Fred Reed has a very thought-provoking essay. Here’s a lengthy excerpt.
“The consolidation of the states into one vast empire, sure to be aggressive abroad and despotic at home, will be the certain precursor of ruin which has overwhelmed all that preceded it.” Robert E. Lee
The man was perceptive. Amalgamation of the states under a central government has led to exactly the effects foreseen by General Lee.
In, say, 1950, to an appreciable though imperfect extent America resembled a confederacy. Different regions of the America had little contact with each other, and almost no influence over one another. The federal government was small and remote. Interstates did not exist, nor of course the internet, nor even direct long-distance telephone dialing. West Virginia, Alabama, Massachusetts, New York City, Texas, and California had little in common, but little conflict arose since for practical purposes they were almost different countries.
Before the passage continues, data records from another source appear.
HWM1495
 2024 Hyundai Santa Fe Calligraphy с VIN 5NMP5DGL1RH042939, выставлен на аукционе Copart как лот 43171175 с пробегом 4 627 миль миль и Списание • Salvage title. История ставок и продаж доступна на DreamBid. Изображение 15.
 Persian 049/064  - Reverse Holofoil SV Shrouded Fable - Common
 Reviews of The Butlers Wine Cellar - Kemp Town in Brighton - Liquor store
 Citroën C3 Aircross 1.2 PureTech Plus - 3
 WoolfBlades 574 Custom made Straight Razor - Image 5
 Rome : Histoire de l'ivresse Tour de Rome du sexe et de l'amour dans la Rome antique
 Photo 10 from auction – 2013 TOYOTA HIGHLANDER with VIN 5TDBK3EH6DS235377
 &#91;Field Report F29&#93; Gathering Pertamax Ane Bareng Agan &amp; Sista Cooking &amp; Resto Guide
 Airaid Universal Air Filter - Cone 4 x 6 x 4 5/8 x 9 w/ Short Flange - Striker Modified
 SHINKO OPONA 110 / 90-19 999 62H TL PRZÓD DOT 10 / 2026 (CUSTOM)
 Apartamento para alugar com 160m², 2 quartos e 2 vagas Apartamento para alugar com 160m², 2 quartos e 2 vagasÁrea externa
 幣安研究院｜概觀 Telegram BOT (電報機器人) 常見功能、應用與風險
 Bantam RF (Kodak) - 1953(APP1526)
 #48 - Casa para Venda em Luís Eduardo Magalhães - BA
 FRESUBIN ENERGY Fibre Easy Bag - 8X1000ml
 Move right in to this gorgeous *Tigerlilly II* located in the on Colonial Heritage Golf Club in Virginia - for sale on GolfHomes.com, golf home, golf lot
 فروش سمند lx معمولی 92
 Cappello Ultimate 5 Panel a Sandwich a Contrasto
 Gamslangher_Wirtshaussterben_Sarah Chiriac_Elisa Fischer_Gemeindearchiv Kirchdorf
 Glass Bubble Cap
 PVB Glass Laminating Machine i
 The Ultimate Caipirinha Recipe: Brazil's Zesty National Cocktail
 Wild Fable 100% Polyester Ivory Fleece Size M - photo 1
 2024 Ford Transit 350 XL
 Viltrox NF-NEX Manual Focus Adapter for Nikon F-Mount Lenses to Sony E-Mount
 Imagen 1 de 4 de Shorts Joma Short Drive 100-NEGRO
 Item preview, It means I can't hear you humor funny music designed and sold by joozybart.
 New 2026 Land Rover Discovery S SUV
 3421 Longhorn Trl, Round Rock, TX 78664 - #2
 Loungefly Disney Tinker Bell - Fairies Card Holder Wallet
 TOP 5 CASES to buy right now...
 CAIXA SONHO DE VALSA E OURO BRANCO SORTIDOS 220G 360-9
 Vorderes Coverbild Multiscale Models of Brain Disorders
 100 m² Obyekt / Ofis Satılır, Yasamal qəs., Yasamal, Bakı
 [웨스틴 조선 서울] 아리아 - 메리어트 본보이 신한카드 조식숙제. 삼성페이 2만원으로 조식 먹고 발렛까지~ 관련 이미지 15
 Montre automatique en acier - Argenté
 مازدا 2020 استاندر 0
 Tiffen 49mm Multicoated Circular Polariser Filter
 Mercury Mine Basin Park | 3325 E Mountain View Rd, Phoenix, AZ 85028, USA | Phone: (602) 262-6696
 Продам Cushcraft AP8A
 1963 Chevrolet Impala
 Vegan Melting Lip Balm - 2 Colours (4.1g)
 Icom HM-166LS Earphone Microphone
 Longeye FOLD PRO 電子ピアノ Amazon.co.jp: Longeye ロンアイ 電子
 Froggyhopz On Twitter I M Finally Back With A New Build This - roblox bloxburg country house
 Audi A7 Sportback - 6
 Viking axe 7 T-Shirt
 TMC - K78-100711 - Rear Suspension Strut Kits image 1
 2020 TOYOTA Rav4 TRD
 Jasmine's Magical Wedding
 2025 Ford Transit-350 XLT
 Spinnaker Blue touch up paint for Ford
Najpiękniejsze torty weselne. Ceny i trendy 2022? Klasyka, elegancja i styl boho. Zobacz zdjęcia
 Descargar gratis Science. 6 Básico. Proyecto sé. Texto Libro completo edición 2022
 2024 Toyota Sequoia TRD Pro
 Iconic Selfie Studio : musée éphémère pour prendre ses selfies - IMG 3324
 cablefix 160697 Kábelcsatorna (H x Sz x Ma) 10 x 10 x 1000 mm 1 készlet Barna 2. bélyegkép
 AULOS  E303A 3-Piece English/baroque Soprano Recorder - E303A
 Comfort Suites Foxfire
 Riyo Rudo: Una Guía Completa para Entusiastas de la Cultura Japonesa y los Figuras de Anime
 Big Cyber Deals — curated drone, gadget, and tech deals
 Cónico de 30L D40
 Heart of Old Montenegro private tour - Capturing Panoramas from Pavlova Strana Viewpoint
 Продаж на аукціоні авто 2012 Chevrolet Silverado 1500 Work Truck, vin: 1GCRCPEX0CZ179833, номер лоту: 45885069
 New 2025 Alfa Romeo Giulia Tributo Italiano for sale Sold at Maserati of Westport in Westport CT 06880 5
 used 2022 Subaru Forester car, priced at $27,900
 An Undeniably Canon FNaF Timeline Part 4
They chiefly governed themselves. The proportion of federal to state law was small.
It is important to note that regional differences were great. In 1964 in rural Virginia, the boys brought shotguns to school during deer season. Nobody shot anybody because it wasn’t in the culture. The culture was uniform, so no one was upset. It is when cultures are mixed, or one rules another, that antagonism comes. Such shotgun freedom would not have worked in New York City with its variegated and often mutually hostile ethnicities.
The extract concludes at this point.